* What is expected *
Copy exactly the lines of the data below that run from the line holding "How do you correctly" through the line holding "guideline suggests that", both ends included.

▶

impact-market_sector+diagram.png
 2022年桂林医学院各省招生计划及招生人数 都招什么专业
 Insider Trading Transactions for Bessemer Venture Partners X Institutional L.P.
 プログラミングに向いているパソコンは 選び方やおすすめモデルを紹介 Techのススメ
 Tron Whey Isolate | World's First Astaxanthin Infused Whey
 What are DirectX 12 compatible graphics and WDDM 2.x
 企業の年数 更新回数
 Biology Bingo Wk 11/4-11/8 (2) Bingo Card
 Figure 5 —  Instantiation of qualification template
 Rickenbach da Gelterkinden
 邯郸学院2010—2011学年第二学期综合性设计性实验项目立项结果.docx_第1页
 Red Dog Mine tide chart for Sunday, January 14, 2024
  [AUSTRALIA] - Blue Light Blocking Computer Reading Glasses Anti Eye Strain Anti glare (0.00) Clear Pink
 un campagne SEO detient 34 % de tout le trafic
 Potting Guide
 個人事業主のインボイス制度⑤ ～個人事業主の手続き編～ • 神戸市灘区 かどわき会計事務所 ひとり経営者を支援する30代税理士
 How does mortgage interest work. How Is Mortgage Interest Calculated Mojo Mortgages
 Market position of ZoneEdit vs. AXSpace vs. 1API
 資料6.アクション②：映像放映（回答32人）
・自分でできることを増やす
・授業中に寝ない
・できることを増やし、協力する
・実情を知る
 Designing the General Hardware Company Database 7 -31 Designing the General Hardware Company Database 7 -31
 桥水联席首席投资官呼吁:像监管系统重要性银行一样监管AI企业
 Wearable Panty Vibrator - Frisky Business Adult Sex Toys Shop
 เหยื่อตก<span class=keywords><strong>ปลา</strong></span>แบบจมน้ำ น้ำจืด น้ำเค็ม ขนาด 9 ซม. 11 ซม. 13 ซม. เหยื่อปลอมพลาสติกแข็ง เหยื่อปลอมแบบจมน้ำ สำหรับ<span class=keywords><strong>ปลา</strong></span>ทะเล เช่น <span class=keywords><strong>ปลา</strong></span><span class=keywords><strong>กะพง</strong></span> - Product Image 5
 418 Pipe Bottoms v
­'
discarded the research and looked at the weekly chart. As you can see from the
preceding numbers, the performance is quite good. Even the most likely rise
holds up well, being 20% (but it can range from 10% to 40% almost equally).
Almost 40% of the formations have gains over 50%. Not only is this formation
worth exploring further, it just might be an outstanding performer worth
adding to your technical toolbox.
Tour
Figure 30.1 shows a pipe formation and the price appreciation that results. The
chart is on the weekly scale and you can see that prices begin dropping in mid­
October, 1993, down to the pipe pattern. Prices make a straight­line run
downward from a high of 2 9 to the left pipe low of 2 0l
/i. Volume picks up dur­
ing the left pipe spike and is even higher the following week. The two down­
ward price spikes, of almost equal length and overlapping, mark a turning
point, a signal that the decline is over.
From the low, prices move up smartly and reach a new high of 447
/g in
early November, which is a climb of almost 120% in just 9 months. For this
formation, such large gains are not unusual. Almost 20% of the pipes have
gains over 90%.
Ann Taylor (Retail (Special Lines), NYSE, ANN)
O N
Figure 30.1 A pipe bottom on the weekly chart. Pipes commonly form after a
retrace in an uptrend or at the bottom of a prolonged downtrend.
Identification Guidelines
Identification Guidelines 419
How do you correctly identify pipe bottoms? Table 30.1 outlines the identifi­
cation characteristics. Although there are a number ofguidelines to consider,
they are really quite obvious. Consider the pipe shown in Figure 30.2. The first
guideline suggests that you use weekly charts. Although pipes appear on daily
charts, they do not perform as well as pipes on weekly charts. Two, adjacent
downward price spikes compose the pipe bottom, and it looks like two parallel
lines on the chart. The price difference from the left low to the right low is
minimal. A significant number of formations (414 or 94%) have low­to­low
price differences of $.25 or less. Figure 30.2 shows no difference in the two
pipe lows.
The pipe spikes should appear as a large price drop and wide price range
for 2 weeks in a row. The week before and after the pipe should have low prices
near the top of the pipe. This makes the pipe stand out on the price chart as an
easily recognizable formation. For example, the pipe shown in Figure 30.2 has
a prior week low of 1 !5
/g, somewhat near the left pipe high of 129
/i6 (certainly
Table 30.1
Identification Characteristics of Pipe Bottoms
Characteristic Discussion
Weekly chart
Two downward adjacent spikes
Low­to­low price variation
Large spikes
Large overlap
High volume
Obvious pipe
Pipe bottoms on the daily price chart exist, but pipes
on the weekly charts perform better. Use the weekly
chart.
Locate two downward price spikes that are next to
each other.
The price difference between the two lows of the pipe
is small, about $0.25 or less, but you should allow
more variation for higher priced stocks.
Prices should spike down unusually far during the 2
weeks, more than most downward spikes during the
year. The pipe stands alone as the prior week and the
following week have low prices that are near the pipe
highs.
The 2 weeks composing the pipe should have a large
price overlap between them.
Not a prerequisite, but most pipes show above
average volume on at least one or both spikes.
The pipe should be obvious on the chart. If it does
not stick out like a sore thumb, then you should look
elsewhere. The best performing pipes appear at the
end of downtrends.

◀

* Written answer *
How do you correctly identify pipe bottoms? Table 30.1 outlines the identifi­
cation characteristics. Although there are a number ofguidelines to consider,
they are really quite obvious. Consider the pipe shown in Figure 30.2. The first
guideline suggests that you use weekly charts. Although pipes appear on daily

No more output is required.